With the first spell of fine weather, our thoughts naturally turn towards the summer holidays and a week or two away, probably with the younger members of the family. Or do they?

Beach 1

For those of us who work in education, or if we are parents of school-aged children, we are locked into taking our holidays when the schools are off. This inevitably means paying over the odds (+ 50% is not unusual) for our holidays as tour companies cash in.  It is little wonder that cash-strapped families are tempted to take their children out of school in term time for a much-needed family holiday that is only within their budget at restricted times.   Sometimes, by just leaving for holiday a day or so early, or returning a day or so after the start of a term, a family can save hundreds of pounds.  So what is the harm?

The Government and most schools take a dim view and are very quick to point out that much vital information can be missed at the beginning and end of a term.  Additionally, it imparts the subliminal message to children that school is secondary to other things and can be shelved if something more interesting is on offer and that there are plenty of opportunities during the school year to go away.   Teachers also have to work twice as hard to ensure that absentee pupils catch up on learning that has been missed for avoidable reasons.

Empty Desk

Conversely, it can be argued that often the end and beginning of terms are times when not a lot happens in schools and therefore it will make little difference if Johnny is there or not. There is sound evidence that time spent together as a family has many benefits on a child’s social and emotional development and chances to be together in a stress-free environment are to be treasured. Time spent in a foreign country or surroundings very different from the home environment can be an excellent learning experience improving geography, history, art appreciation and cultural understanding. Sometimes more can be learnt outside the classroom than in it.

Currently parents and carers are being fined varying amounts for withdrawing their children from school in term time.  Many parents take the view that paying the fine represents good value when factored against the savings to be made on the price of their holiday and so many honest and well-intentioned parents are deliberately flouting Government advice.
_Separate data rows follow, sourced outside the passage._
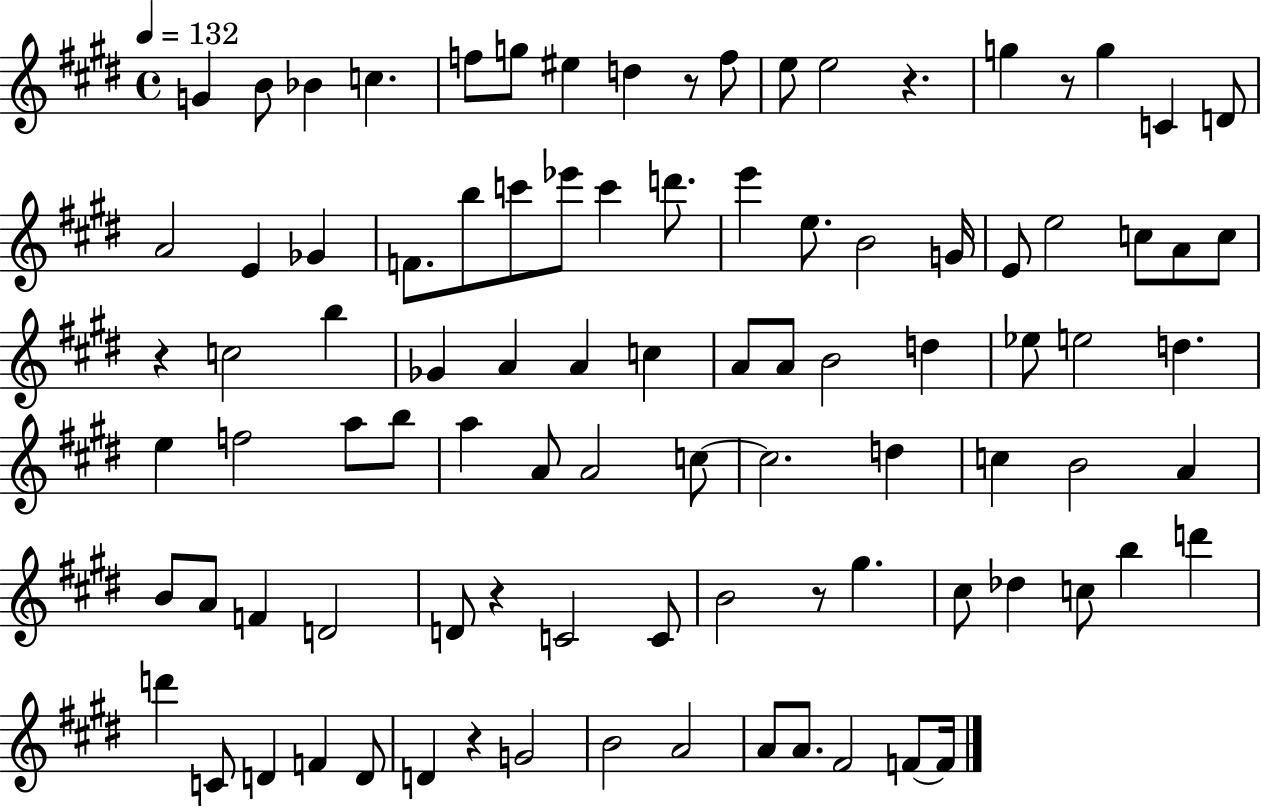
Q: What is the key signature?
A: E major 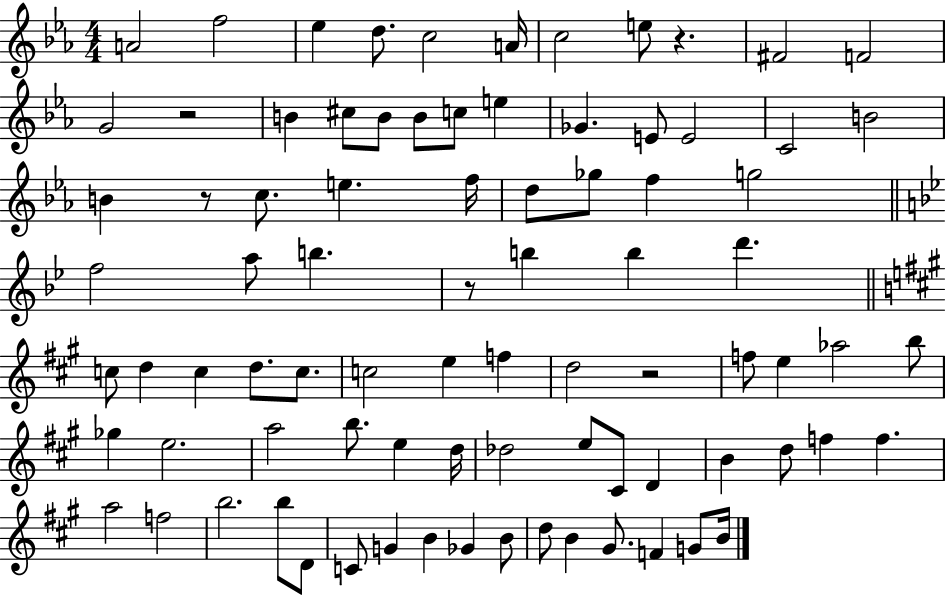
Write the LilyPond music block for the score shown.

{
  \clef treble
  \numericTimeSignature
  \time 4/4
  \key ees \major
  a'2 f''2 | ees''4 d''8. c''2 a'16 | c''2 e''8 r4. | fis'2 f'2 | \break g'2 r2 | b'4 cis''8 b'8 b'8 c''8 e''4 | ges'4. e'8 e'2 | c'2 b'2 | \break b'4 r8 c''8. e''4. f''16 | d''8 ges''8 f''4 g''2 | \bar "||" \break \key bes \major f''2 a''8 b''4. | r8 b''4 b''4 d'''4. | \bar "||" \break \key a \major c''8 d''4 c''4 d''8. c''8. | c''2 e''4 f''4 | d''2 r2 | f''8 e''4 aes''2 b''8 | \break ges''4 e''2. | a''2 b''8. e''4 d''16 | des''2 e''8 cis'8 d'4 | b'4 d''8 f''4 f''4. | \break a''2 f''2 | b''2. b''8 d'8 | c'8 g'4 b'4 ges'4 b'8 | d''8 b'4 gis'8. f'4 g'8 b'16 | \break \bar "|."
} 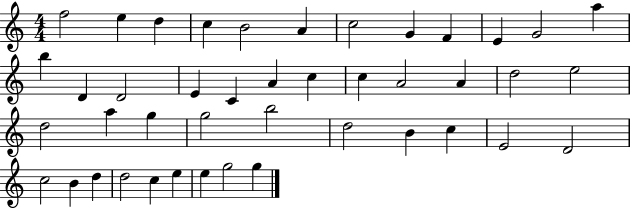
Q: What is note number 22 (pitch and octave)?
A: A4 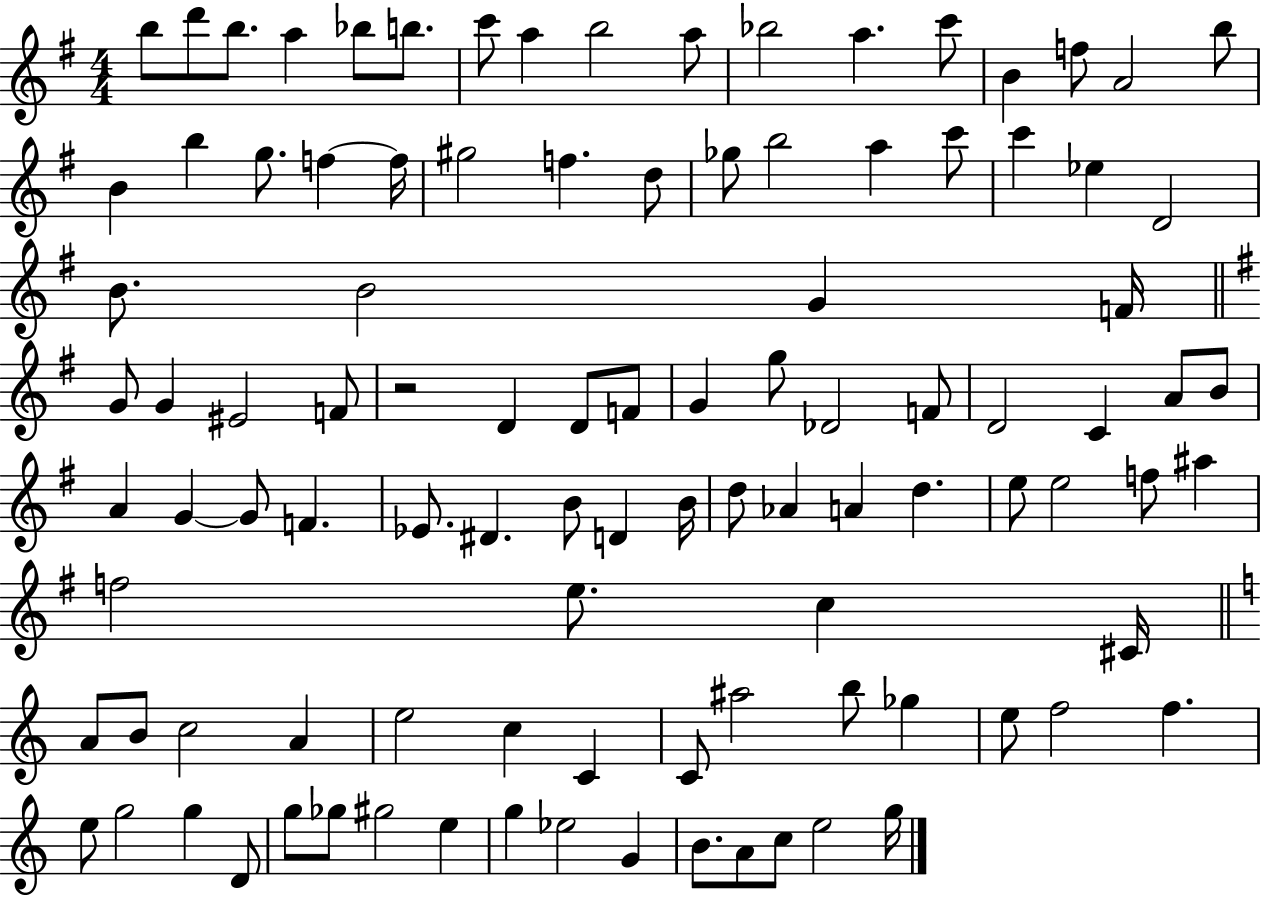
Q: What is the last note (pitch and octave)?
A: G5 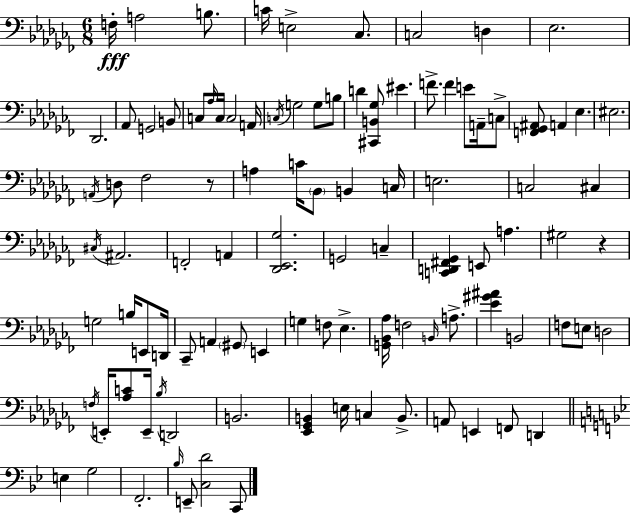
X:1
T:Untitled
M:6/8
L:1/4
K:Abm
F,/4 A,2 B,/2 C/4 E,2 _C,/2 C,2 D, _E,2 _D,,2 _A,,/2 G,,2 B,,/2 C,/2 _A,/4 C,/4 C,2 A,,/4 C,/4 G,2 G,/2 B,/2 D [^C,,B,,_G,]/2 ^E F/2 F E/2 A,,/4 C,/2 [F,,_G,,^A,,]/2 A,, _E, ^E,2 A,,/4 D,/2 _F,2 z/2 A, C/4 _B,,/2 B,, C,/4 E,2 C,2 ^C, ^C,/4 ^A,,2 F,,2 A,, [_D,,_E,,_G,]2 G,,2 C, [C,,D,,^F,,_G,,] E,,/2 A, ^G,2 z G,2 B,/4 E,,/2 D,,/4 _C,,/2 A,, ^G,,/2 E,, G, F,/2 _E, [G,,_B,,_A,]/4 F,2 B,,/4 A,/2 [_E^G^A] B,,2 F,/2 E,/2 D,2 F,/4 E,,/4 [_A,C]/2 E,,/4 _B,/4 D,,2 B,,2 [_E,,_G,,B,,] E,/4 C, B,,/2 A,,/2 E,, F,,/2 D,, E, G,2 F,,2 _B,/4 E,,/2 [C,D]2 C,,/2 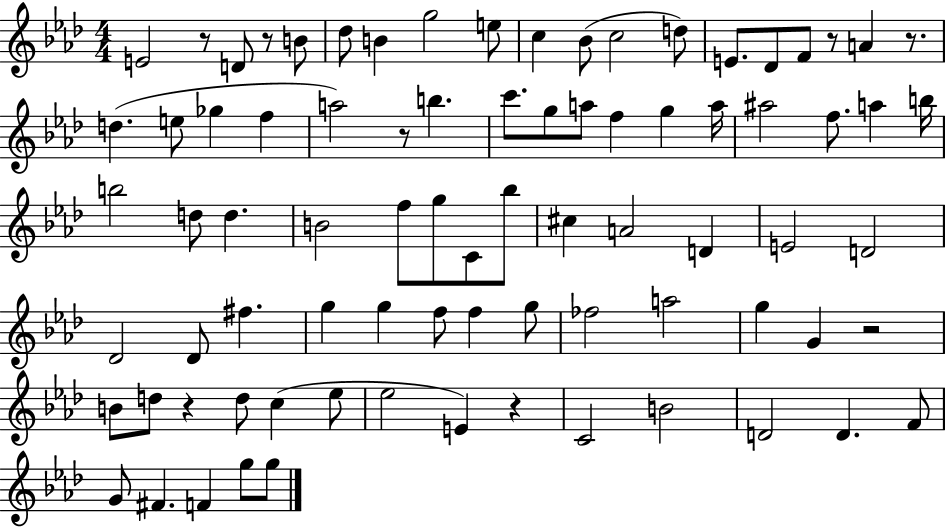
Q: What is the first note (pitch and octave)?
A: E4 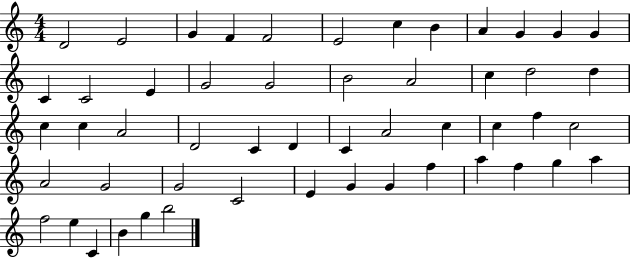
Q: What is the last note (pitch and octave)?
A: B5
They are also putting themselves at odds with teachers and schools when they should all be on the same side, working towards the same goals.

Who is ensuring that travel companies does not use the school holidays as an opportunity to make an even faster buck? So far there seems to be little regulation of this area and the people who operate within it. Until such a time as someone steps in to look at price comparisons before, during and after school holidays, this unsatisfactory situation will continue.  The only winners are the travel companies.

What do you think?  Would you or have you taken your children out of school during term time?  Do the benefits outweigh the disadvantages?